** Extracted data follows **

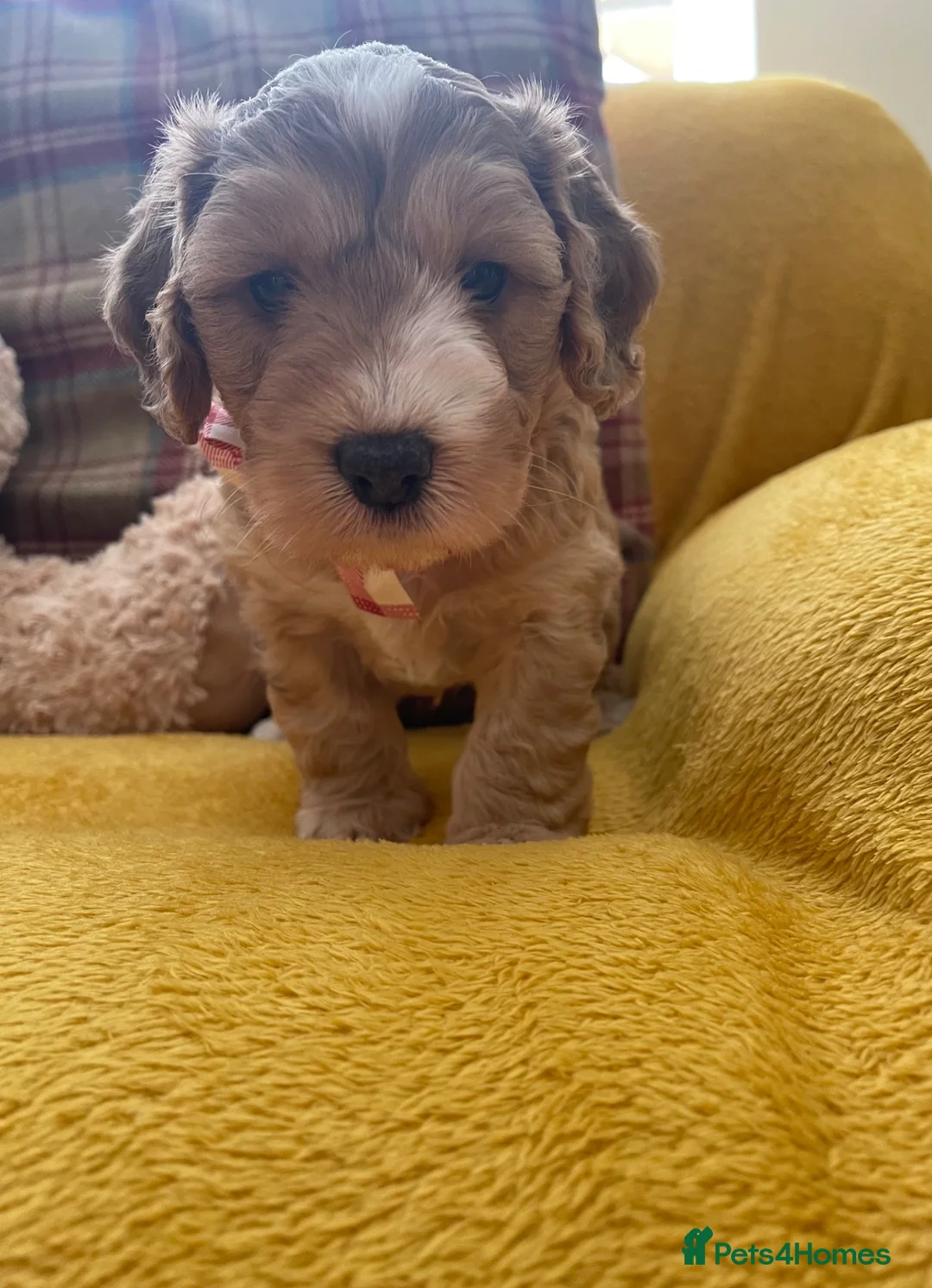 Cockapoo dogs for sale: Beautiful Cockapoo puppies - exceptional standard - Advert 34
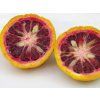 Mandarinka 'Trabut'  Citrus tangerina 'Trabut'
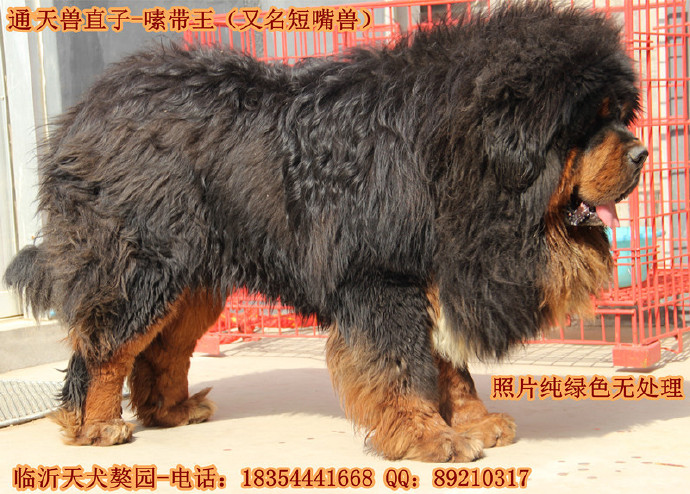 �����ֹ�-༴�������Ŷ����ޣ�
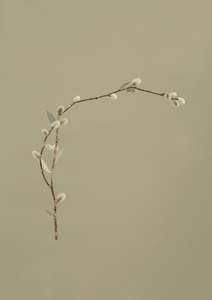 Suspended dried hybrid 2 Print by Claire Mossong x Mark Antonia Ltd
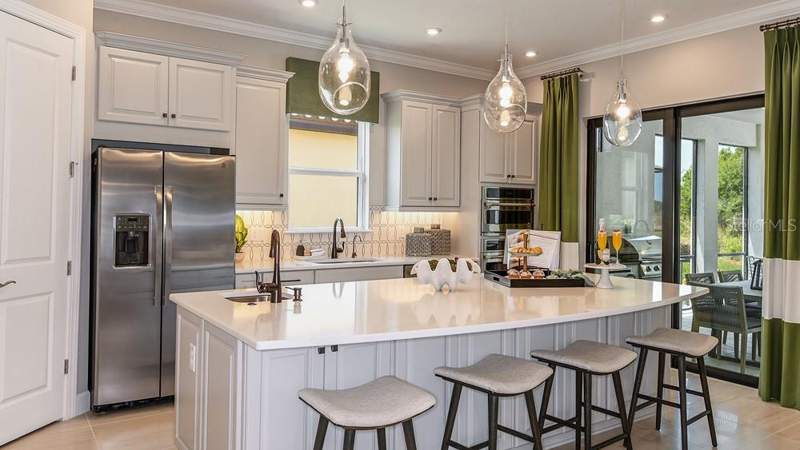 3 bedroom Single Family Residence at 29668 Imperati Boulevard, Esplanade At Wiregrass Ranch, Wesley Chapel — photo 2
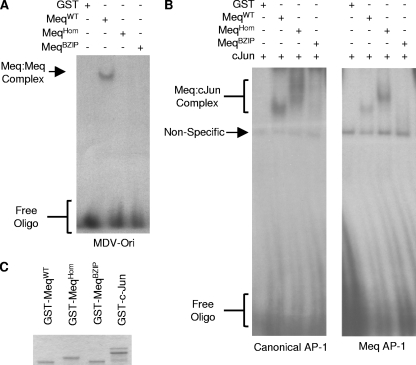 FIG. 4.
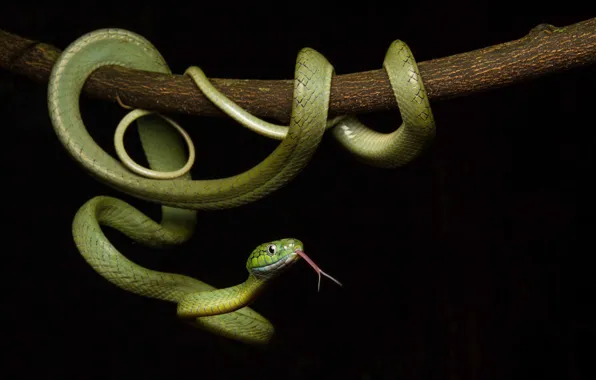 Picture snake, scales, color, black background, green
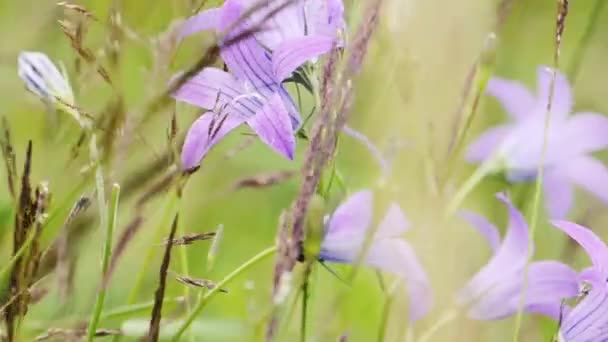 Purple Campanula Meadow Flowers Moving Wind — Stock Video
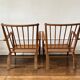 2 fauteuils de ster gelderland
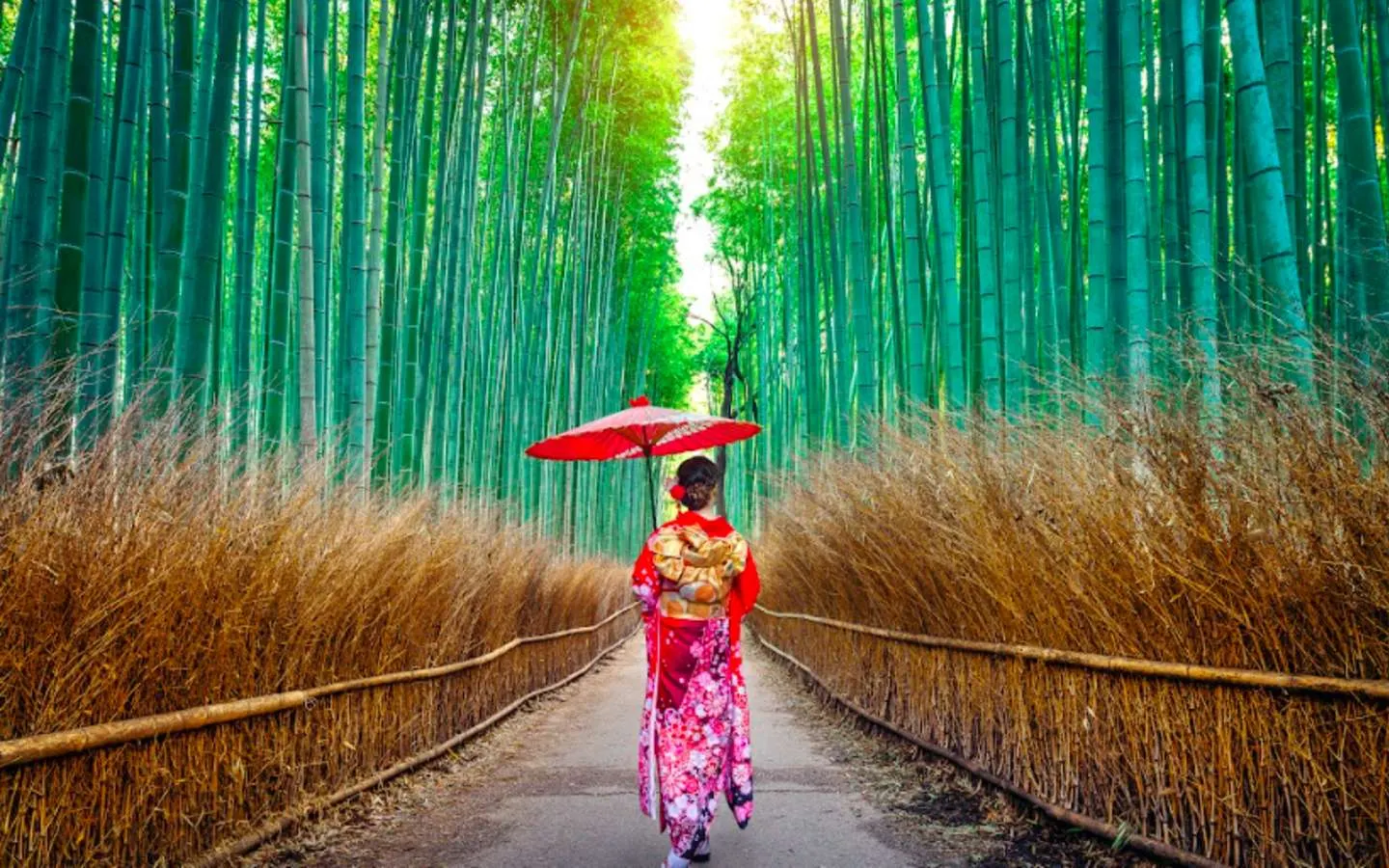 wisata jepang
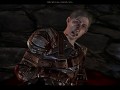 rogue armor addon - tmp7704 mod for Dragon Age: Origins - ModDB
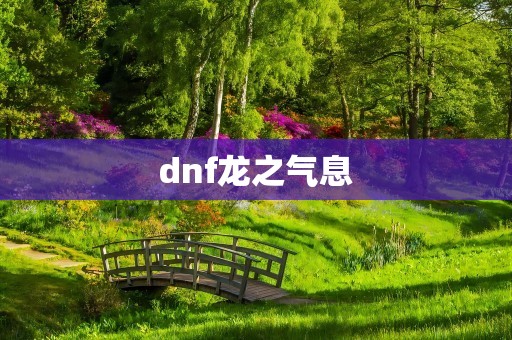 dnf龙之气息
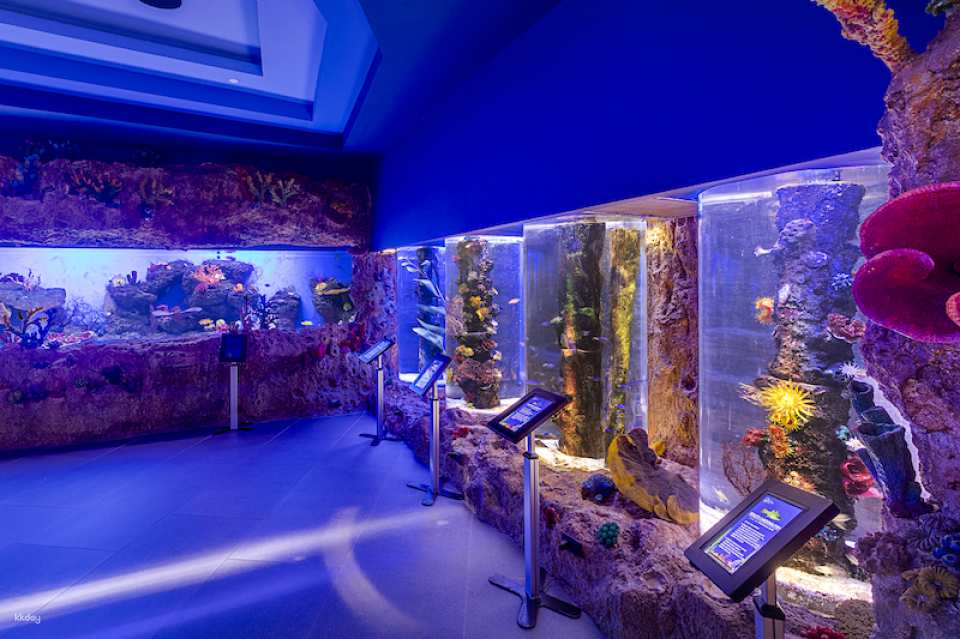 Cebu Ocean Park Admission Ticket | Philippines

** End of Extracted data **

• [Aim of the exercise]
Word for word, print out all of the records above; pass over the pictures.

• [Task result]
 Cockapoo dogs for sale: Beautiful Cockapoo puppies - exceptional standard - Advert 34
 Mandarinka 'Trabut'  Citrus tangerina 'Trabut'
 �����ֹ�-༴�������Ŷ����ޣ�
 Suspended dried hybrid 2 Print by Claire Mossong x Mark Antonia Ltd
 3 bedroom Single Family Residence at 29668 Imperati Boulevard, Esplanade At Wiregrass Ranch, Wesley Chapel — photo 2
 FIG. 4.
 Picture snake, scales, color, black background, green
 Purple Campanula Meadow Flowers Moving Wind — Stock Video
 2 fauteuils de ster gelderland
 wisata jepang
 rogue armor addon - tmp7704 mod for Dragon Age: Origins - ModDB
 dnf龙之气息
 Cebu Ocean Park Admission Ticket | Philippines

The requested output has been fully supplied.